PROBLEM TO SOLVE — Beginning with the line that contains "Seamless background. Peach." and ending with the line that contains "Corduroy Overall Dress", reproduce the lines of the entries below exactly, omitting pictures.
===== DATA PROVIDED
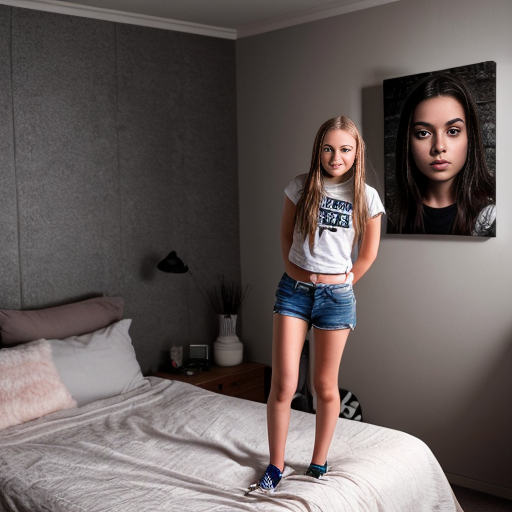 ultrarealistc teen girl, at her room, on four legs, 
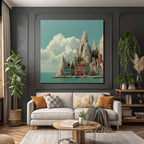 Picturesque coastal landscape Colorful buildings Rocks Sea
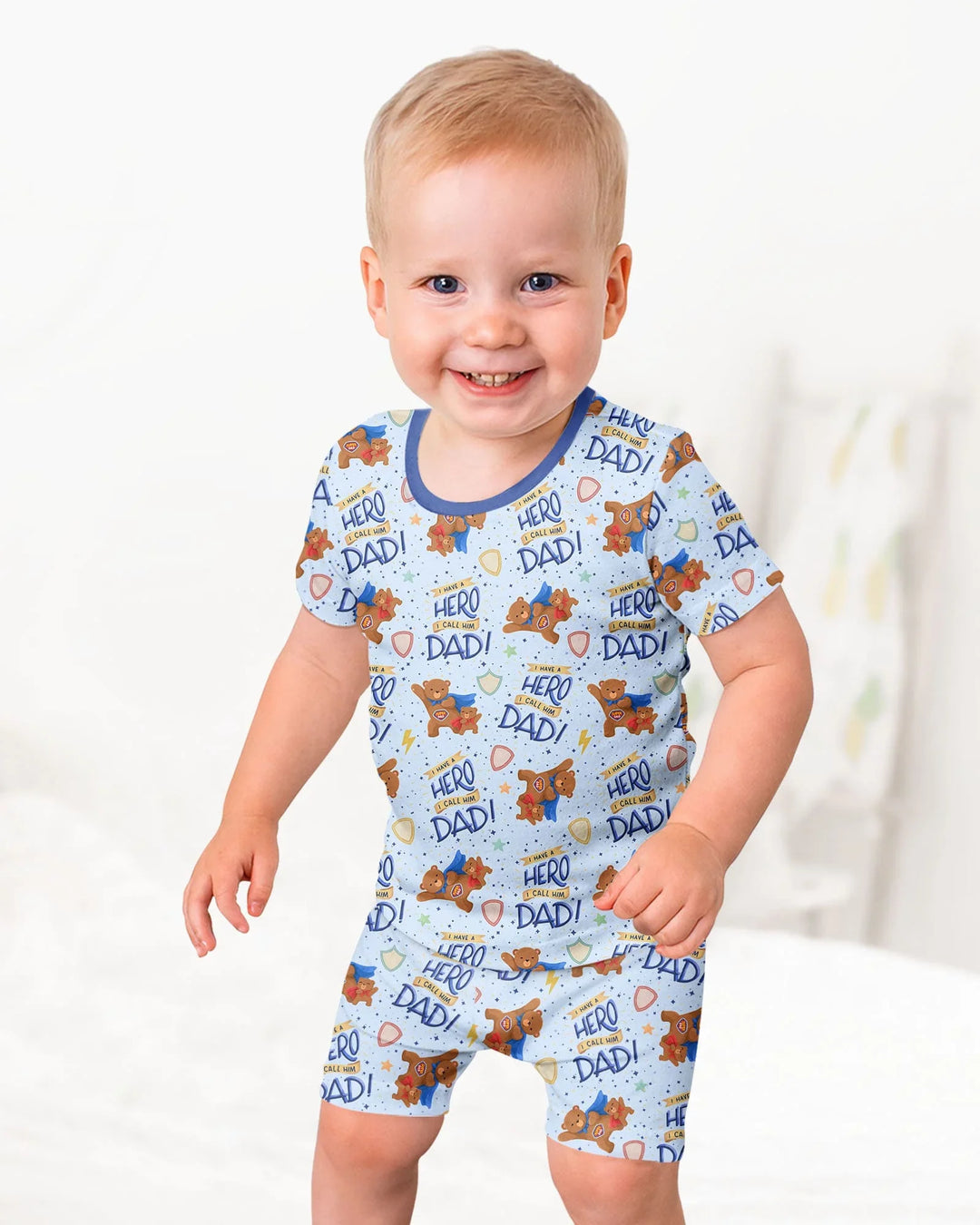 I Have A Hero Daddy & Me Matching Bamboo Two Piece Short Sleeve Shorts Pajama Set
==========
===== DATA PROVIDED
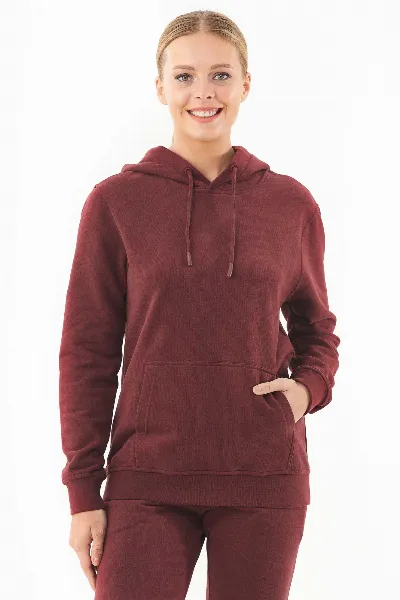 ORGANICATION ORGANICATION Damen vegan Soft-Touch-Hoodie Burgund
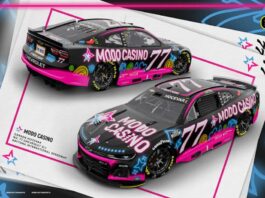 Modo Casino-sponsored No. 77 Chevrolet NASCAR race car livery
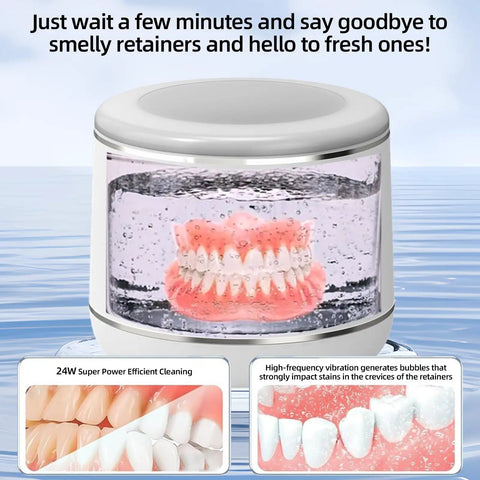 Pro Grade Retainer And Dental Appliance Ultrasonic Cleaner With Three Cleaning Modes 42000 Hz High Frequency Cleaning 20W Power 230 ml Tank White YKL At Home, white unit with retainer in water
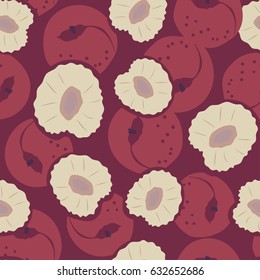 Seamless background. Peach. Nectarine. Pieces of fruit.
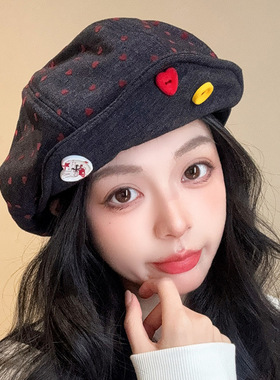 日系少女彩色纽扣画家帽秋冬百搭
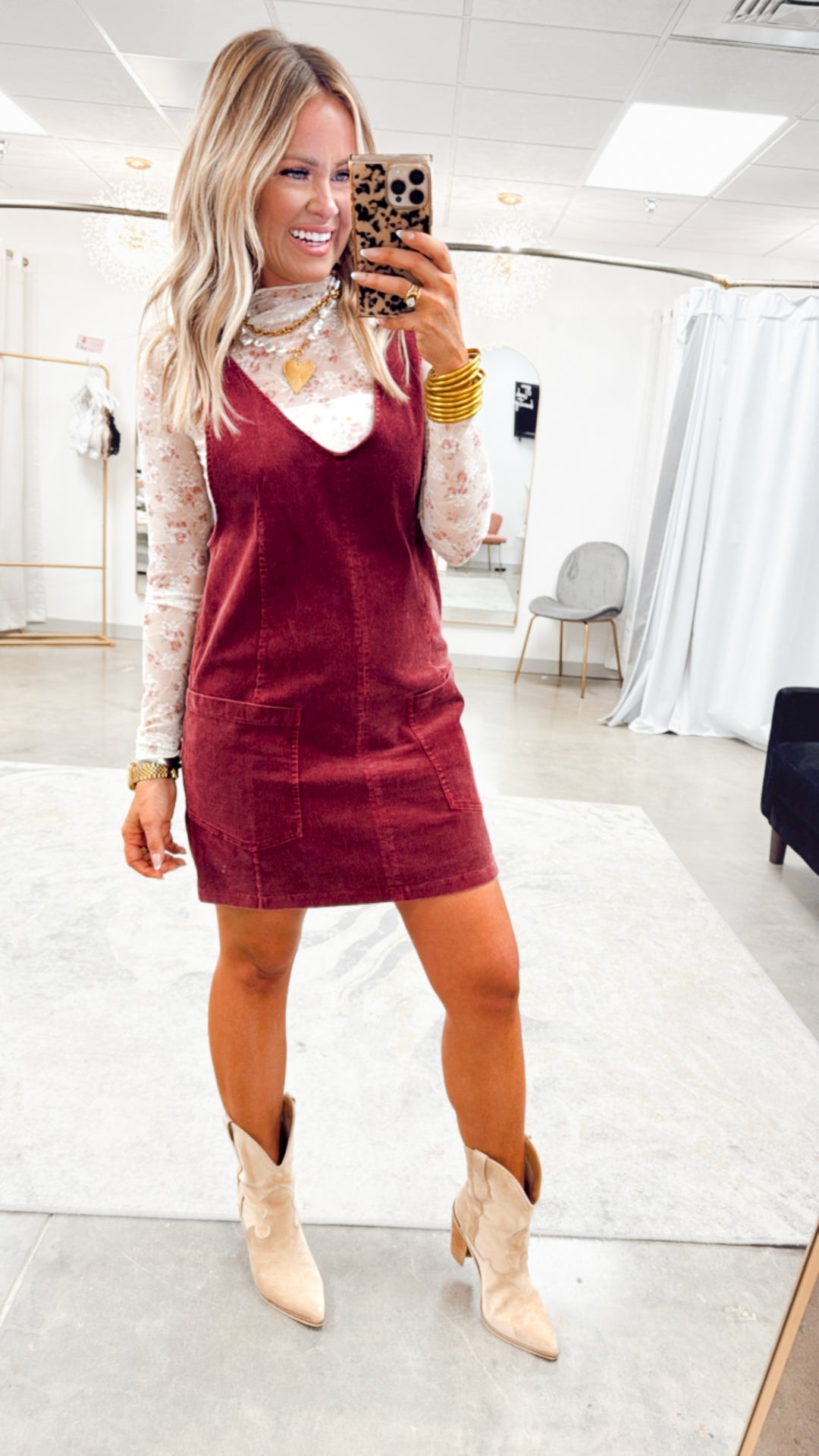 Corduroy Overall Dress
==========
SOLUTION TO THIS TASK —
 Seamless background. Peach. Nectarine. Pieces of fruit.
 日系少女彩色纽扣画家帽秋冬百搭
 Corduroy Overall Dress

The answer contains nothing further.